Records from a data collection
▼

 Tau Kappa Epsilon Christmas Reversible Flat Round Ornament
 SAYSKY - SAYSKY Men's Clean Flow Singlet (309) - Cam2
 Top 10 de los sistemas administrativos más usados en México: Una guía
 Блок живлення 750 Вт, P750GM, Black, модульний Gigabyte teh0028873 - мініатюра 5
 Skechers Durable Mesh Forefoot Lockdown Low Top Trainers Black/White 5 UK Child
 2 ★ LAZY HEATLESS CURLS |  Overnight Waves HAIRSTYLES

▲

**Exercise goal**
From the data above, pick out each line containing "Black" and copy it.

**Answer for this exercise**
 Блок живлення 750 Вт, P750GM, Black, модульний Gigabyte teh0028873 - мініатюра 5
 Skechers Durable Mesh Forefoot Lockdown Low Top Trainers Black/White 5 UK Child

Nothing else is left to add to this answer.